This elaborate altarpiece depicts scenes from Jesus’s life. The Crucifixion in the center is flanked by carvings of scenes from the Passion (the events of Jesus’s final days on Earth) with insets of moments prefiguring Jesus’s suffering. On the predella (base), paintings emphasize the idea of Communion (the ritual of sharing bread and wine in Jesus’s memory). Priests would have stood beneath these scenes when celebrating Mass at the altar.
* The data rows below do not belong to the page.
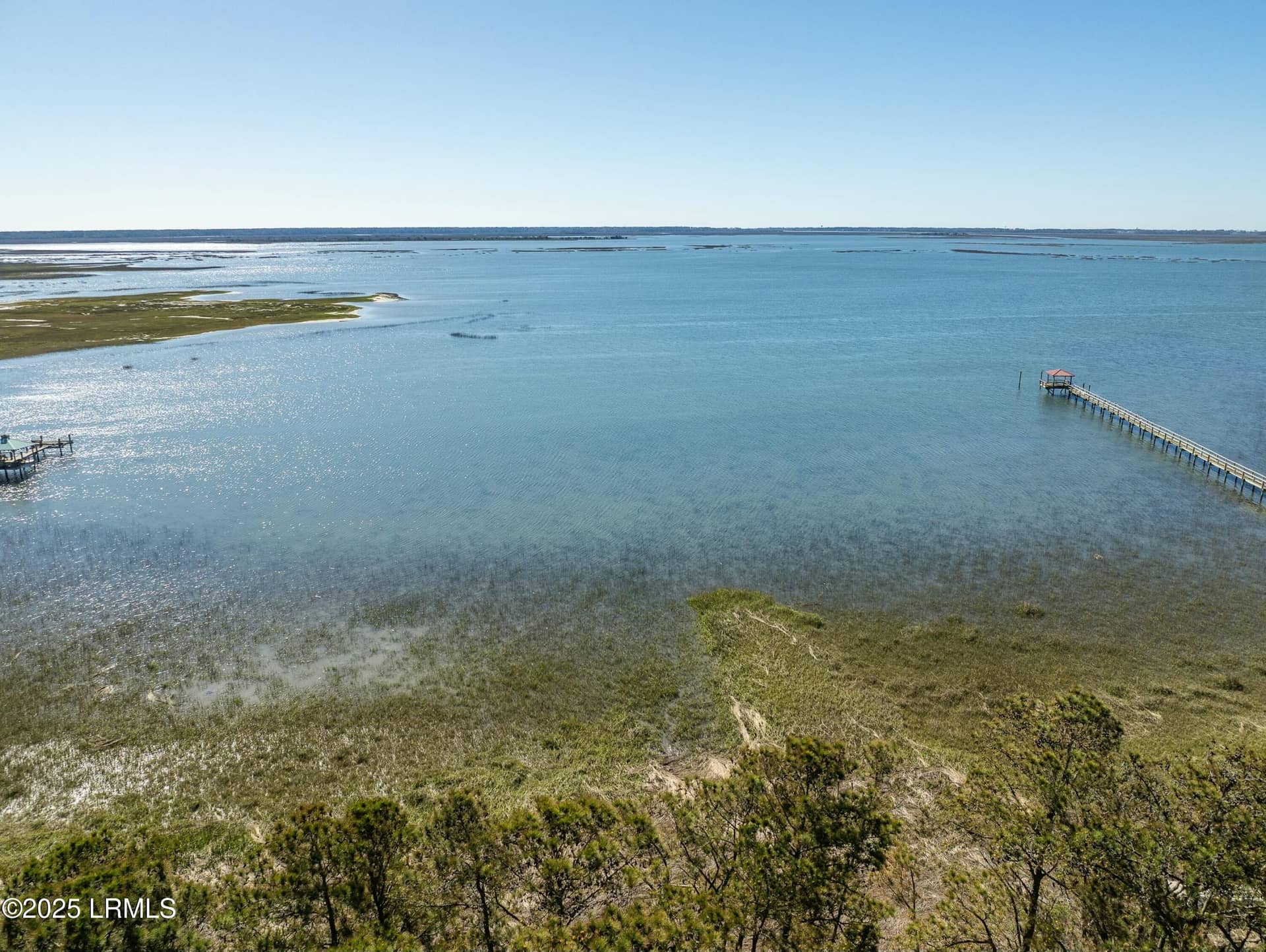 51 Harbor River Circle, St. Helena Island, SC 29920 — photo 27 of 40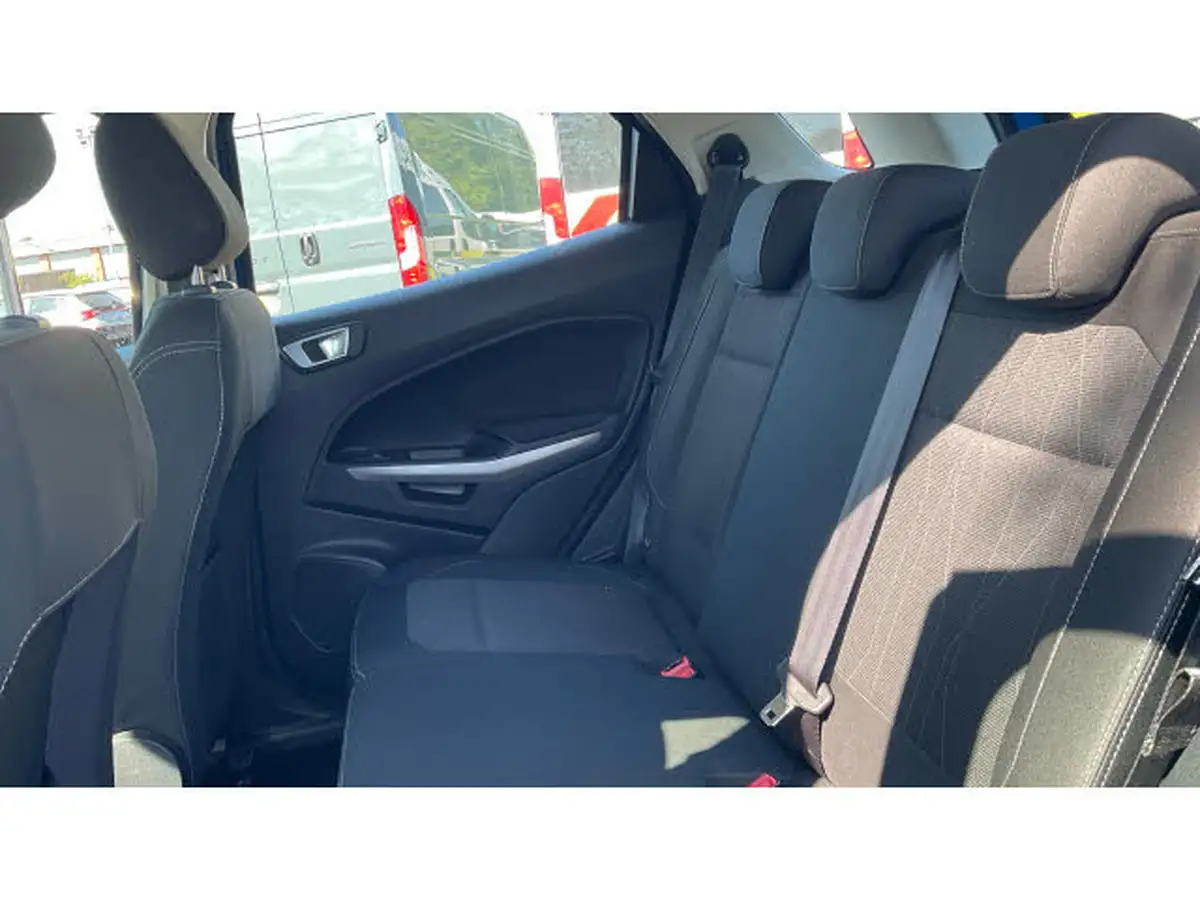 2018-ford-ecosport-10t-zetec-125ps-big-34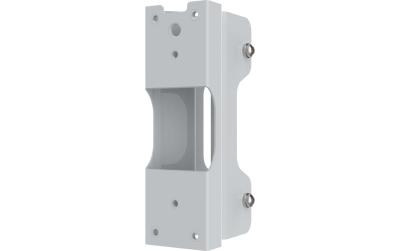 AXIS TQ9302 Masthalterung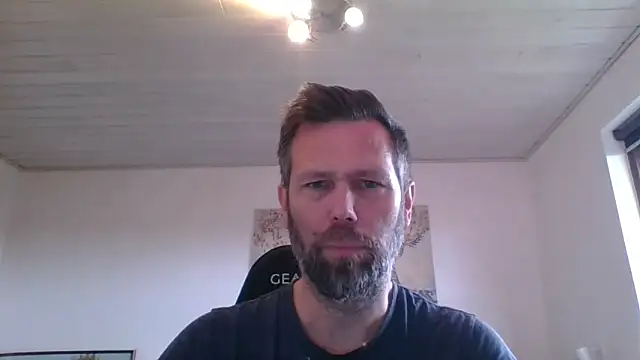 Gotta1 online show from October 8, 2025, 1:12 pm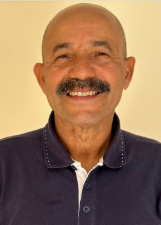 Foto de Jorge Rodrigues da Silva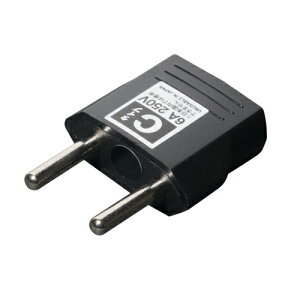 y[֑ΏۏizyϊvOzygxObYz MCO lȃV[Y COpdϊvO C^Cv MBA-SC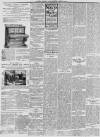 Y Genedl Gymreig Wednesday 16 February 1887 Page 4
Antwerp workshops followed a standardized formula for these impressive altarpieces. Using prefabricated components and depicting similar themes meant these altarpieces were not exorbitantly expensive. This one was purchased for the chapel at the château of Pagny in Burgundy in the 1530s. Its gilded figures would have lent a note of brilliant color to the stony chapel. Its origin was largely forgotten until its acquisition by the museum, where it was reunited with the choir screen from the same chapel (1930-1-84a–d).


Object Details
Chapel, Château de Pagny, near Dijon, France; transferred in the mid-nineteenth century by the Duc d'Uzès to Château de Wideville, Seine-et-Oise; Comte [or Marquis] de Galard [1]; "Château de W." sale, Galerie Georges Petit, Paris, April 25, 1921, no. 35. George Grey Barnard (1863-1938), New York, probably after 1925 and definitely by 1937 [2]; Barnard Estate, temporarily housed at Barnard's Cloisters, Washington Heights, New York, 1938-1945; sold to PMA, 1945 [3].1. See Paul Court, "Vente du retable de la chapelle du château de Pagny," Mémoires de la commission des antiquités du département de la Côte-d'Or, vol. 17, 1913-21, p. 583. The retable passed into the Galard family through the marriage of the daughter of the Duc d'Uzès, Elisabeth de Crussol, to Louis Marie Hector, Marquis de Galard, in 1865. The 1921 sale catalogue notes that the retable was in the possession of "M. le comte de Galard". 2. After the sale of Barnard's first collection to the Metropolitian Museum of Art in 1925, he formed his second collection, including this altarpiece, between 1925 and his death in 1938. This work is listed in a press release on the collection issued by Barnard in 1937.3. For the provenance see Fiske Kimball, "The George Grey Barnard Collection," PMA Bulletin, vol. 40, no. 205, March 1945, n.p.; David DuBon, "A Note on the Pagny Retable", PMA Bulletin, vol. 56, no. 267, Autumn 1960, p. 39-40, and Peter C. Sutton, Northern European Paintings in the Philadelphia Museum of Art: From the Sixteenth through the Nineteenth Century, Philadelphia, 1990, no. 22, p. 58-64.